Israeli settlers continue their act of aggression against the Palestinians almost on a daily basis. The demolition of homes, mosques, churches and cemeteries cannot be tolerated. The destruction of agricultural projects, orchards and olive trees and setting fire to farm produce, which is the means of survival for the Palestinians, is deeply worrying. Recent evidence of such acts are the destruction of olive saplings and grape vines in the village of Al-Khader, near Bethlehem, and the burning of olive trees in the village of Beitillu, near Ramallah. Those acts of aggression take place with impunity, as the Israeli Government seem unwilling to hold the settlers accountable.
South Africa regrets that Israel has reneged on its agreement to improve the living conditions of Palestinian prisoners in Israeli jails. We call on Israel to improve their living conditions in order to end the ensuing hunger strike. Palestinian prisoners have long lived in appalling conditions in Israeli jails, and the international community has not done much about their plight. It is time that meaningful pressure be brought to bear on the Israeli Government to fulfil its obligations under international human rights and humanitarian law with regard to all Palestinian political prisoners by ensuring their safety, allowing access to them by family members, and respecting their basic human rights.
The efforts of Egypt to reconcile the Palestinian parties are indeed commendable. We encourage the Palestinian parties to forge ahead with their reconciliation efforts in order to consolidate the Palestinian gains and to become a formidable and coherent political force that will robustly advocate for the permanent liberation of the people of Palestine.
South Africa supports Palestine’s bid for United Nations membership and the announcement in the General Assembly a week ago by President Abbas of his intention to seek non-member State observer status. We call on the international community to provide support to a permanent and sustainable political solution, namely, the implementation of a two-State solution providing for the establishment of a viable Palestinian State, existing side by side in peace with Israel within internationally recognized borders, with East Jerusalem as its capital.

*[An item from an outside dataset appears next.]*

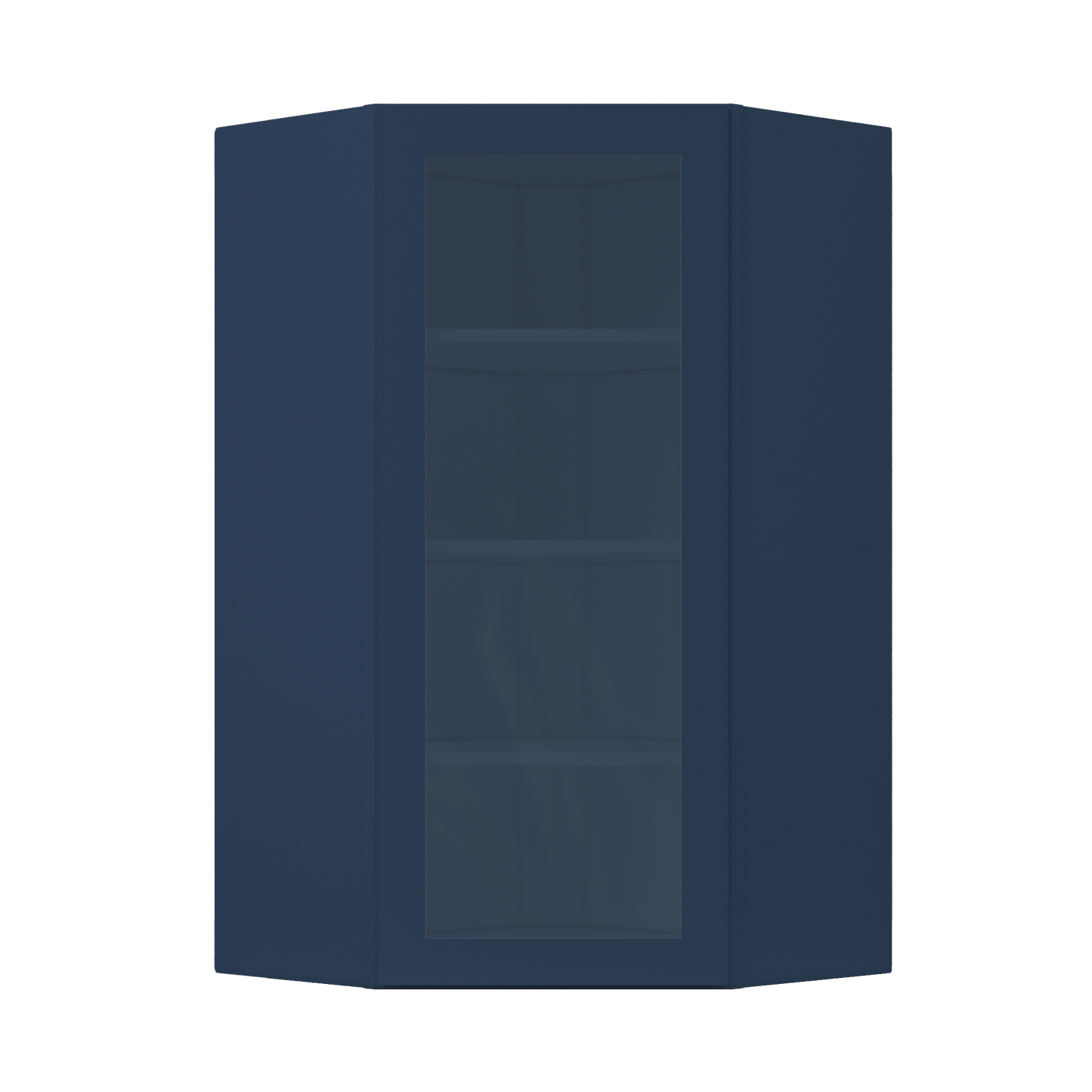 Frosted Glass Door Diagonal Corner Wall Kitchen Cabinet DCMD2442 Danbury Blue LessCare 24 in. width 42 in. height 12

South Africa is concerned, however, about the critical financial challenges that the Palestinian Authority faces. Those challenges have the potential to reverse the gains made by Palestine in its institution-building project and to render the country unstable as service delivery declines. In that regard, we call on Israel to urgently lift all restrictions to allow for the development of the private sector, trade and other economic activities that could stimulate economic growth and address the Palestinian Authority’s fiscal sustainability in the short to medium term.
On the situation in Syria, South Africa remains concerned about the ongoing violence in the country and pledges its support to Mr. Lakhdar Brahimi, Joint Special Representative of the United Nations and the League of Arab States to Syria. We call on all parties to stop the violence that continues to claim civilian lives, including those of women and children, and has led to a sharp deterioration in Syria’s relations with some of its neighbours.
In conclusion, South Africa calls on the international community, including the Security Council, to abandon the business-as-usual attitude and to design new intervention strategies regarding the Israeli-Palestinian crisis. We have waited too long; the time for further delays and double standards is a luxury that neither the international community nor the people of Palestine can afford. We need to act decisively and to do so now.
Mr. Wittig (Germany): Allow me to thank Under-Secretary-General Jeffrey Feltman for his insightful briefing.
Last month, the Council met for a high-level debate on peace and security in the Middle East. The Secretaries-General of the United Nations and of the League of Arab States both called for a fresh and united approach by the international community to a changing Middle East. In that spirit, we adopted a presidential statement encouraging closer cooperation between the United Nations and the Arab League (S/PRST/2012/20) — a joint commitment that must now be brought to life.
Above all else, we must together address two pressing issues: the crisis in Syria and the Israeli-Palestinian conflict.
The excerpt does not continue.